Extracting metadata using Puppeteer and Node.js

I’m trying to get metadata from websites using Puppeteer and Node.js. My code works fine for getting the title tag and text from paragraphs, but I’m stuck on how to extract the content from meta tags. Specifically, I want to get the text from the description meta tag. Here’s what I’ve got so far:

const puppeteer = require('puppeteer');

async function scrapeWebsite() {
  const browser = await puppeteer.launch({headless: true});
  const page = await browser.newPage();
  await page.goto('https://example.com', {waitUntil: 'networkidle0'});

  const siteTitle = await page.evaluate(() => document.title);
  const firstParagraph = await page.evaluate(() => document.querySelector('p').textContent);

  console.log('Title:', siteTitle);
  console.log('First paragraph:', firstParagraph);

  await browser.close();
}

scrapeWebsite();

Can someone show me how to grab the content from the description meta tag? I’ve been searching for hours and can’t figure it out. Thanks for any help!
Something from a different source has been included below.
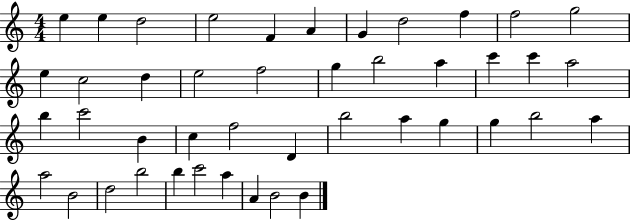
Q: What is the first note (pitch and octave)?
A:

I’ve found that using the page.$$eval() method can be quite efficient for extracting metadata. Here’s a snippet that might help:

const description = await page.$$eval(‘meta[name=“description”]’, (metas) => metas.length ? metas[0].content : null);

This approach targets all meta tags with name=‘description’, then returns the content of the first one (if it exists). It’s concise and handles cases where the tag might be missing.

For more robust metadata extraction, you could also look into the ‘metascraper’ library. It’s designed specifically for this task and can handle a wide variety of metadata formats across different websites.

I’ve encountered similar issues with scraping metadata using Puppeteer. In my experience, sometimes document.getElementsByTagName offers a more reliable way to access meta tags than document.querySelector. Here’s an alternative approach that worked for me:

const description = await page.evaluate(() => {
  const metaTags = document.getElementsByTagName('meta');
  for (let i = 0; i < metaTags.length; i++) {
    if (metaTags[i].getAttribute('name') === 'description') {
      return metaTags[i].getAttribute('content');
    }
  }
  return null;
});

This method loops through all meta tags and retrieves the content of the one whose name attribute is set to ‘description’. It has proven to be effective across various site structures. Hopefully, this alternative approach will help resolve the problem with extracting the metadata.

hey dave, i’ve had success using page.$eval() for this. try something like:

const description = await page.$eval(‘meta[name=“description”]’, el => el.content);

it’s quick n easy. just make sure to handle cases where the tag might not exist. good luck with ur scraping project!